**EXERCISE**:
Exact copy, no pictures: return only the lines below from the line with "Allsaints Sidney Wool Blend Coat In Gray" up to and including the line with "Moderne artistieke gele".

*** Opening of SOURCE MATERIAL ***

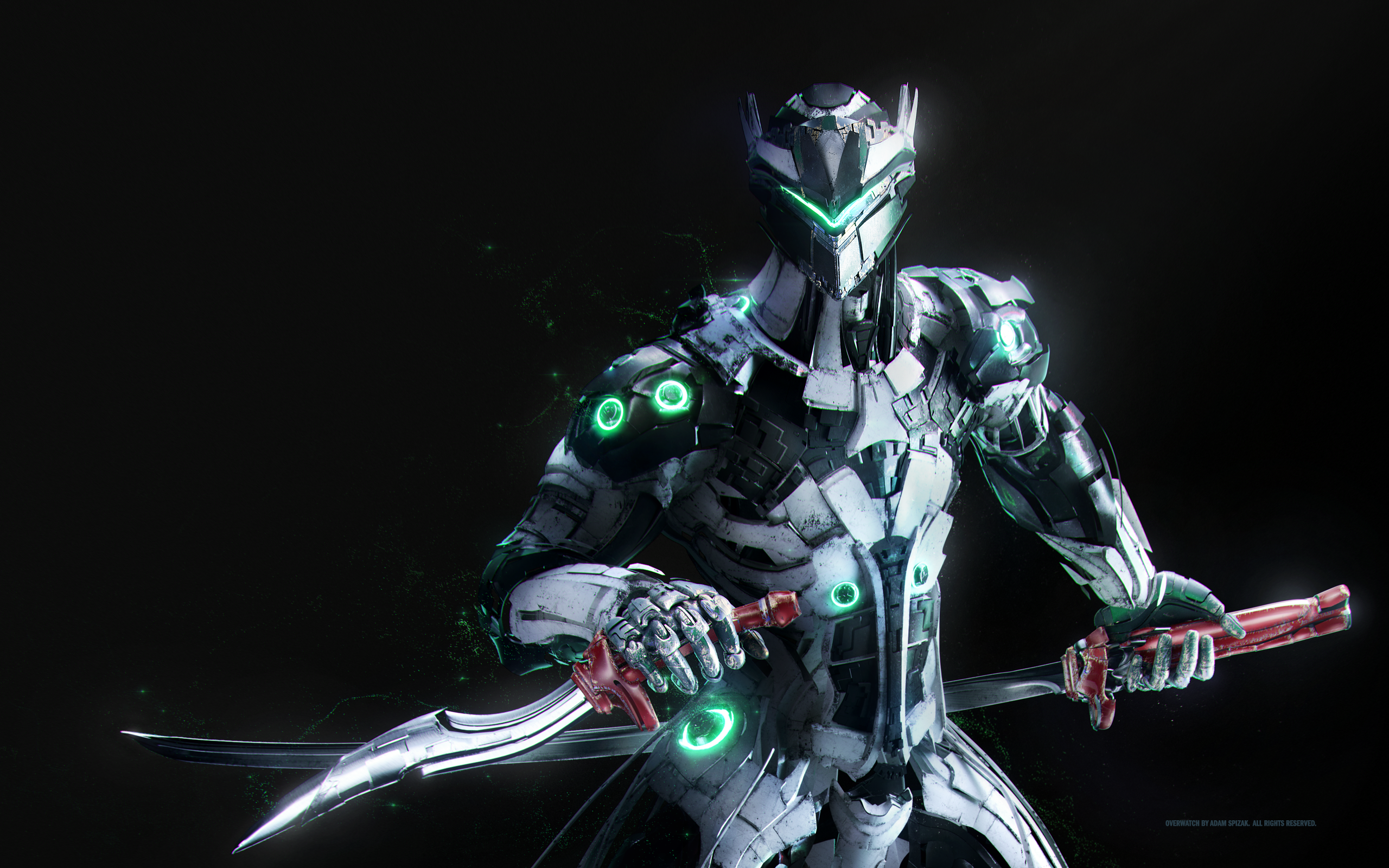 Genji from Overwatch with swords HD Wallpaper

*** Close of SOURCE MATERIAL ***
*** Opening of SOURCE MATERIAL ***

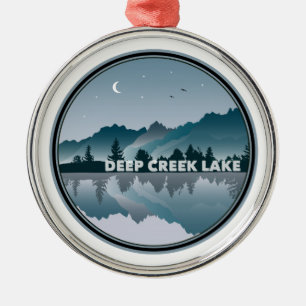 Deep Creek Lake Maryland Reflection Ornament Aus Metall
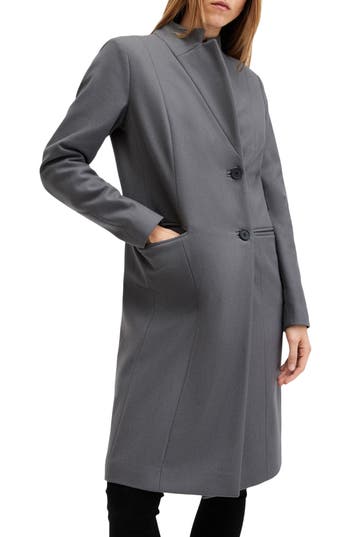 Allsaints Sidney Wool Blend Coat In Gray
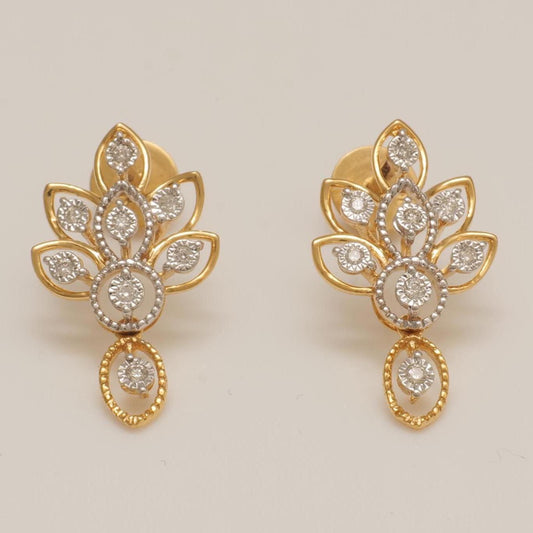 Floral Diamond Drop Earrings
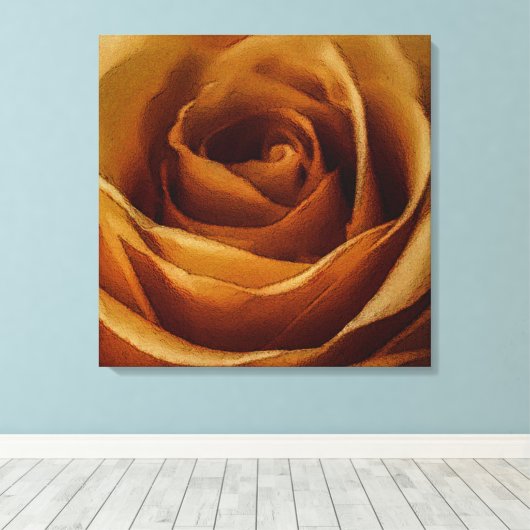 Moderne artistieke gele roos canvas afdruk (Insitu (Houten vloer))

*** Close of SOURCE MATERIAL ***

**SOLVED PROBLEM**:
 Allsaints Sidney Wool Blend Coat In Gray
 Floral Diamond Drop Earrings
 Moderne artistieke gele roos canvas afdruk (Insitu (Houten vloer))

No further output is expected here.